Is it, on Cortex-A8? The TRM referrs to them jumping across pipelines
in odd ways, and that was a very primitive core so it's almost
certainly not going to be just as good as a vmul (in fact if I'm
reading correctly, it takes pretty much exactly the same time as
separate vmul and vadd instructions, 10 cycles vs 2 * 5).

Cheers.

Tim.

Hi,

One more addition to above observation :

LLVM :

cortex-a15 + vfpv4-d16 + ffast-math option WITHOUT ffp-contract=fast option also emits vfma instruction.

Hi Tim,

As per Renato comment above, vmla instruction is NEON instruction while vmfa is VFP instruction. Correct me if i am wrong on this.

My version of the ARM architecture reference manual (v7 A & R) lists
versions requiring NEON and versions requiring VFP. (Section
A8.8.337).

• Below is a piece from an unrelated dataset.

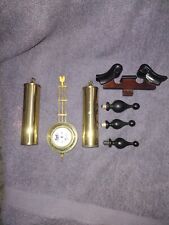 Wall clock pendulum for sale  BARNSLEY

Split in just the way you'd expect (SIMD variants need
NEON).

It may seem that total number of cycles are more or less same for single vmla
and vmul+vadd. However, when vmul+vadd combination is used instead of vmla,
then intermediate results will be generated which needs to be stored in memory
for future access.

Well, it increases register pressure slightly I suppose, but there's
no need to store anything to memory unless that gets critical.

Correct me if i am wrong on this, but my observation till date have shown this.

Perhaps. Actual data is needed, I think, if you seriously want to
change this behaviour in LLVM. The test-suite might be a good place to
start, though it'll give an incomplete picture without the externals
(SPEC & other things).

Of course, if we're just speculating we can carry on.

Cheers.

Tim.

> As per Renato comment above, vmla instruction is NEON instruction while
vmfa is VFP instruction. Correct me if i am wrong on this.

My version of the ARM architecture reference manual (v7 A & R) lists
versions requiring NEON and versions requiring VFP. (Section
A8.8.337). Split in just the way you'd expect (SIMD variants need
NEON).

I will check on this part.

> It may seem that total number of cycles are more or less same for single
vmla
> and vmul+vadd. However, when vmul+vadd combination is used instead of
vmla,
> then intermediate results will be generated which needs to be stored in
memory
> for future access.

Well, it increases register pressure slightly I suppose, but there's
no need to store anything to memory unless that gets critical.

> Correct me if i am wrong on this, but my observation till date have
shown this.

Perhaps. Actual data is needed, I think, if you seriously want to
change this behaviour in LLVM. The test-suite might be a good place to
start, though it'll give an incomplete picture without the externals
(SPEC & other things).

Of course, if we're just speculating we can carry on.

I wasn't speculating. Let's take an example of a 3*3 simple matrix
multiplication (no loops, all multiplication and additions are hard coded -
basically all the operations are expanded
e.g Result[0][0] = A[0][0]*B[0][0] + A[0][1]*B[1][0] + A[0][2]*B[2][0] and
so on for all 9 elements of the result ).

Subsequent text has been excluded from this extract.